Bankole: Rep. Cummings’ death creates challenge for black community

Tributes have been pouring in for the late 68-year-old Baltimore Congressman Elijah Cummings, the bold and courageous leader, whose sudden death last week left a gap not only in Congress, but across black America.
Cummings, who was chairman of the powerful House Oversight and Reform Committee, has been an indefatigable voice seeking to tear down the walls of social injustice not only in his district but also across the country.
In Congress, he almost single-handedly championed Flint's cause during the water crisis. He uplifted the poor.
When he first got to Congress in 1996, he vowed that he was there to empower people and give those who are often sidelined on the most crucial issues a voice to be heard.
His death is felt more in the black community, and there’s a reason for that. In these strange and challenging times, few blacks in elected office — whether local or national — use their positions to push persistently for equality the way Cummings did.
During a commencement address at Morgan State University in May, Cummings told graduates how his humble beginnings led him to travel the long road of freedom.
“You’re not hearing this from someone who grew up with a silver spoon. I didn’t even have a plastic one,” he said.

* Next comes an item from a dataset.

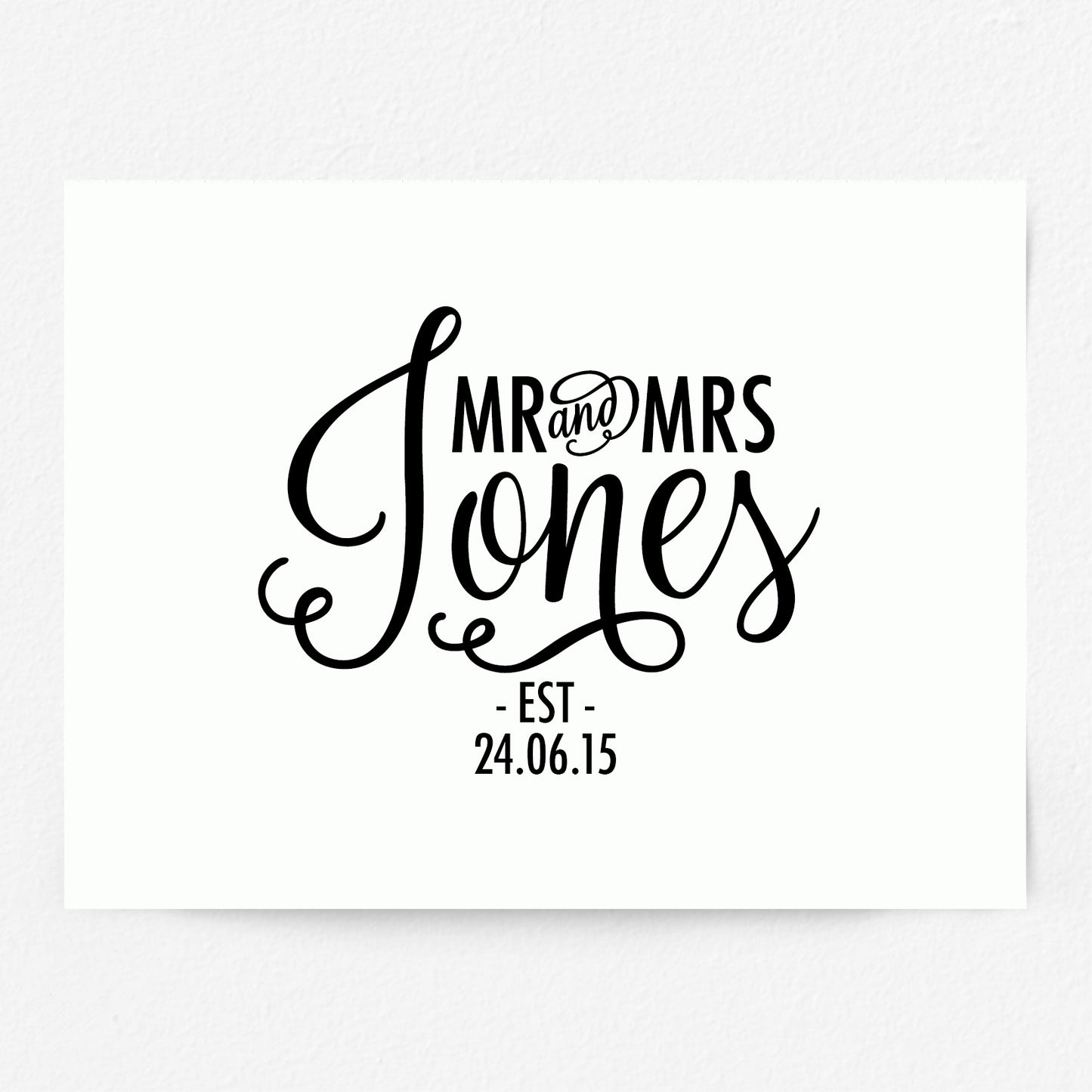 Custom Mr & Mrs Print - Script Name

Yet Cummings ended up becoming a prominent member of the black aristocracy, the ruling class in the black community, often the ones deemed qualified to hold elected office because of their exceptional capabilities.
Still, Cummings did not disappoint the race, and his life was a forceful response to the biblical admonition: “To whom much is given, much is required.”

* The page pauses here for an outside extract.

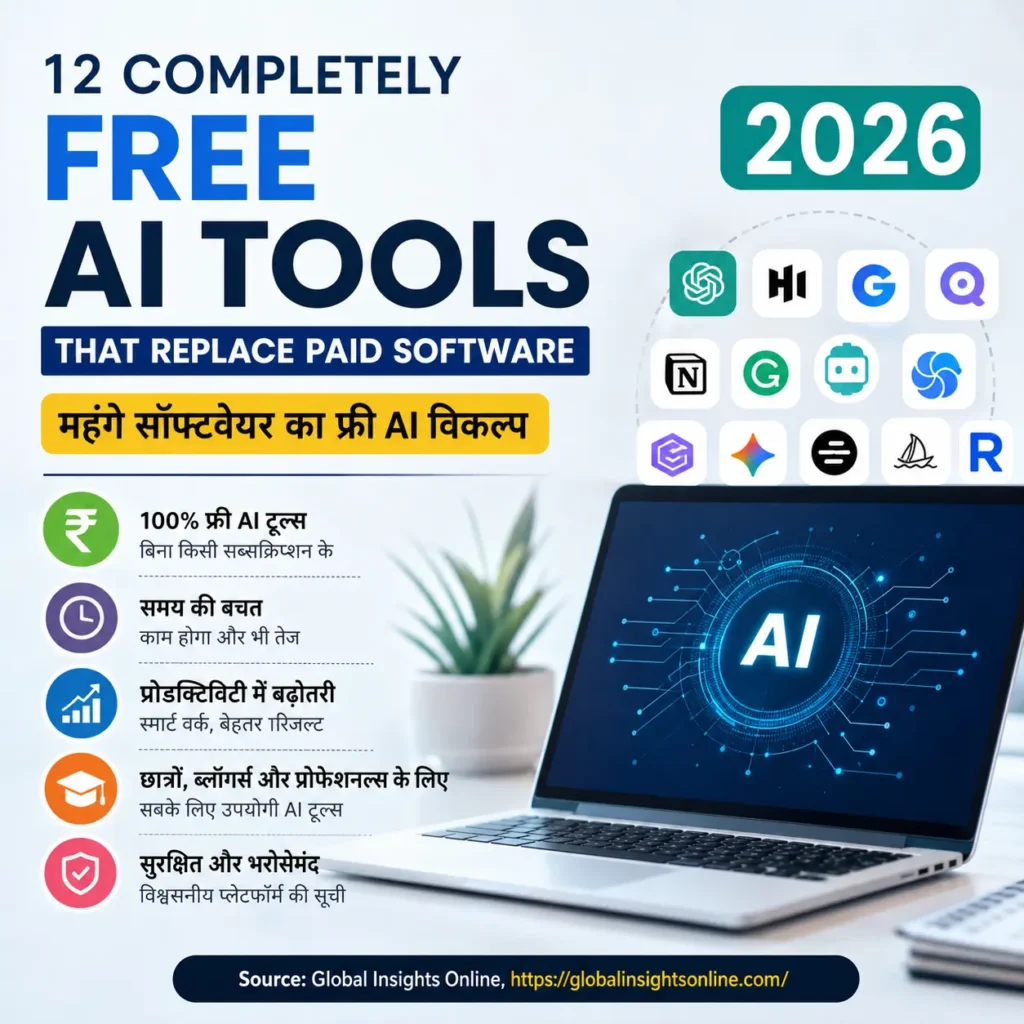 12 Completely Free AI Tools 2026 जो महंगे Paid Software को Replace कर सकते हैं छात्रों ब्लॉगर्स और प्रोफेशनल्स के लिए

Cummings’ life of public service was a remarkable and breathtaking response to the longstanding challenge that W.E.B. Du Bois, the 20th century black scholar and champion of equality, handed down in his writings. Du Bois emphasized the need for the black political and economic elites to step up and fight for the masses of poor blacks who are caught in a tangled web of economic instability.
“The better classes of negroes should recognize their duty toward the masses. They should not forget that the spirit of the twentieth century is to be the turning of the high toward the lowly, the bending of humanity to all that is human, the recognition that in the slums of broken society lie the answers to most of our puzzling problems,” Du Bois said.

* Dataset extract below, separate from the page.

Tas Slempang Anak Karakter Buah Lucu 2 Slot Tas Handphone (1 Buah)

The difficulty and the seemingly lack of progress in the wider black community has always been a lack of clear political and economic strategy to advance the interest of blacks. Too often, those with the platforms and the resources to make the case for economic justice, have ventured away from their own roots.
There are few voices like Cummings, who like Du Bois has been insistent on making the moral and political case against the kind of political and social oppression that is all too familiar in the black community.
Obviously Du Bois understood that those in the ranks of the black community who have done well for themselves have an inescapable responsibility to fight the issues that perpetuate class stratification.
That is why the absence of Cummings underscores why in places like Detroit, Benton Harbor, Flint and other urban cities where poverty remains the dominant issue, the demand for the black aristocrats to rise up to the challenge of inequality is even more sobering.
“We are at a crossroads. At 68, I have now lived longer than I will live. Your lives are in front of you, and so I beg you to go out and stand up for this democracy,” Cummings told Morgan State University students.
And like other towering black figures, he has joined the ancestors and we will remember how he took center stage in the quest for racial justice. The challenge now is ours.